What to work on:
Exactly as written, output each of the lines below, with no images.

(Short descriptive text snippets)
########

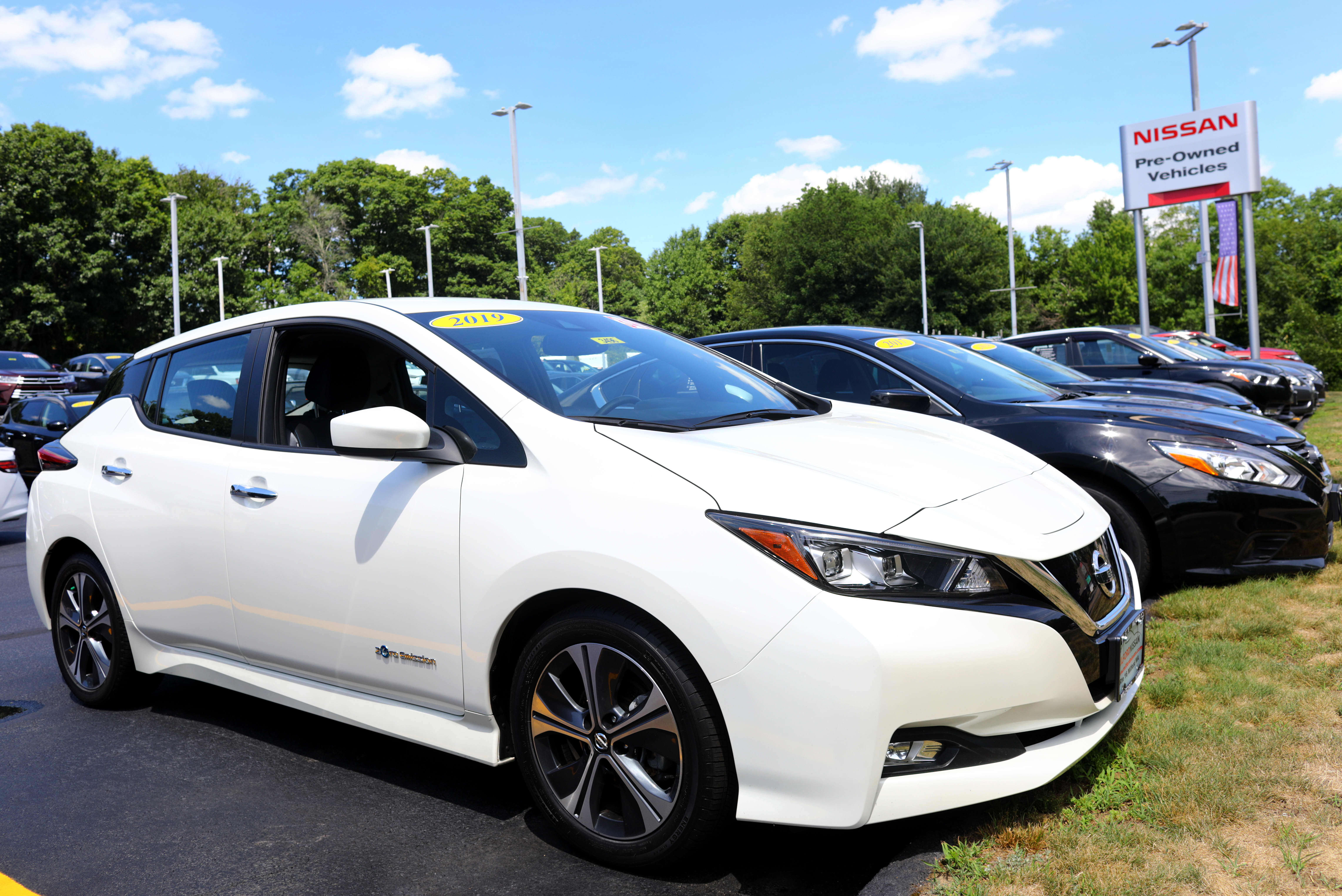 As more used electric vehicles hit the auto sales market, here's what you need to know before making a purchase.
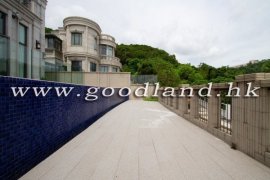 Prestigious Clear Water Bay Villa with Private Elevator & Sea View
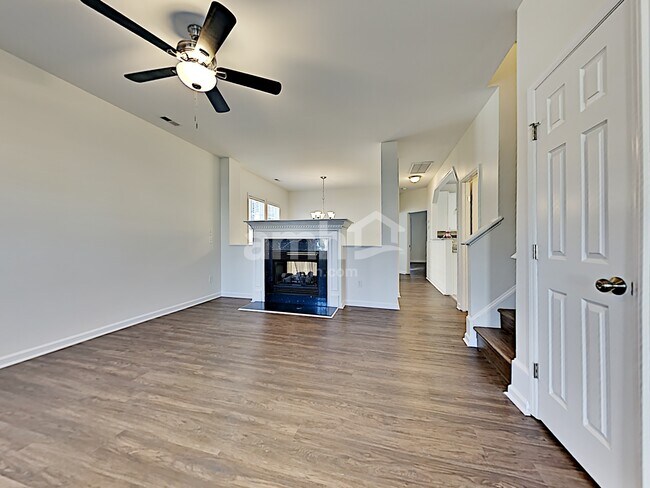 Photo - 8008 Willowglen Dr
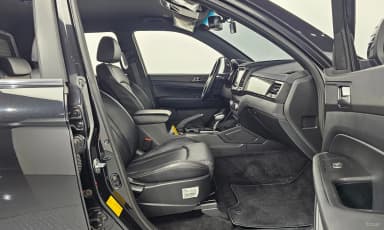 Rexton Sports Khan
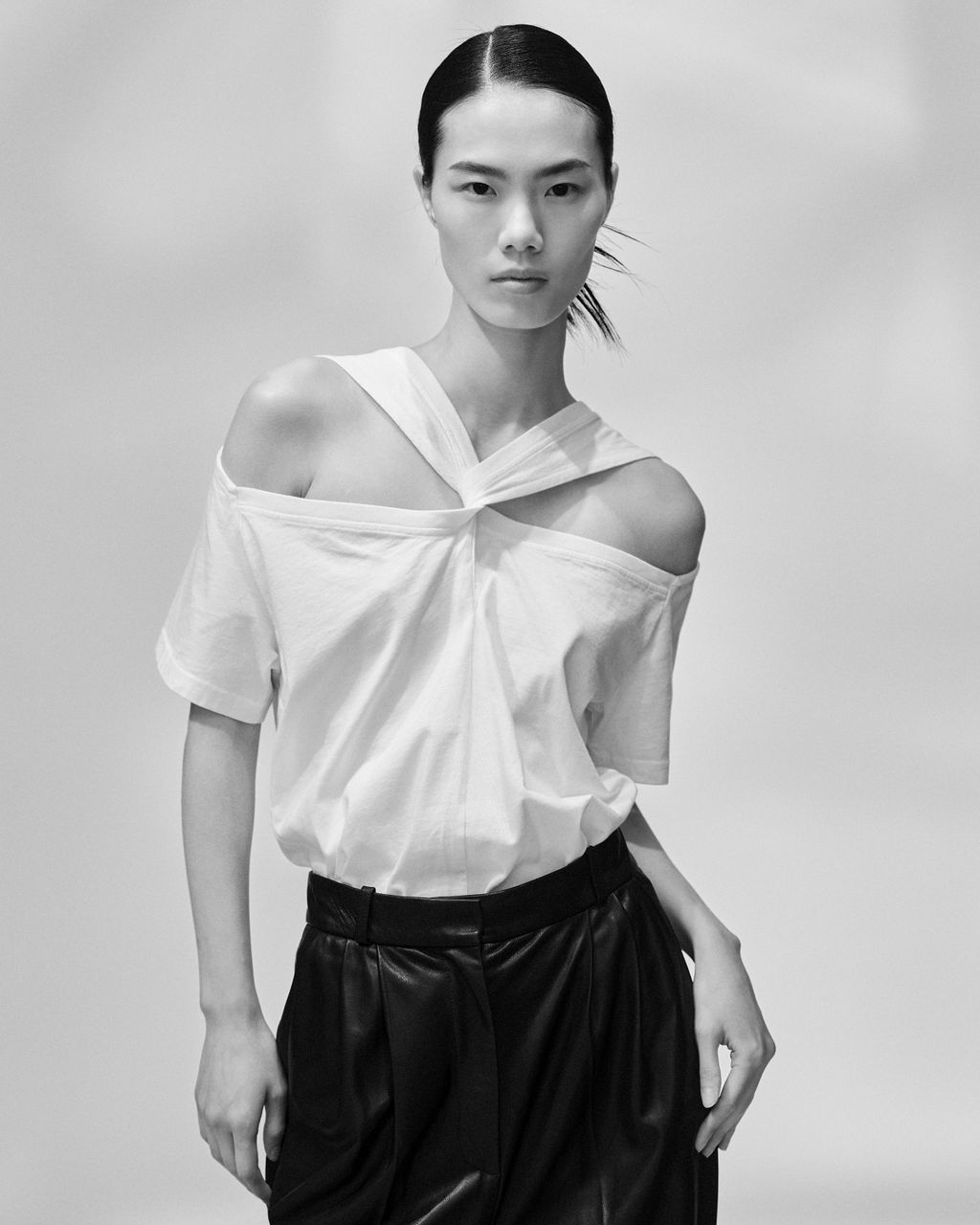 Fashion Week Paris Spring/Summer 2025 look 34 from the Barbara Bui collection womenswear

########

Solution for this problem:
 As more used electric vehicles hit the auto sales market, here's what you need to know before making a purchase.
 Prestigious Clear Water Bay Villa with Private Elevator & Sea View
 Photo - 8008 Willowglen Dr
 Rexton Sports Khan
 Fashion Week Paris Spring/Summer 2025 look 34 from the Barbara Bui collection womenswear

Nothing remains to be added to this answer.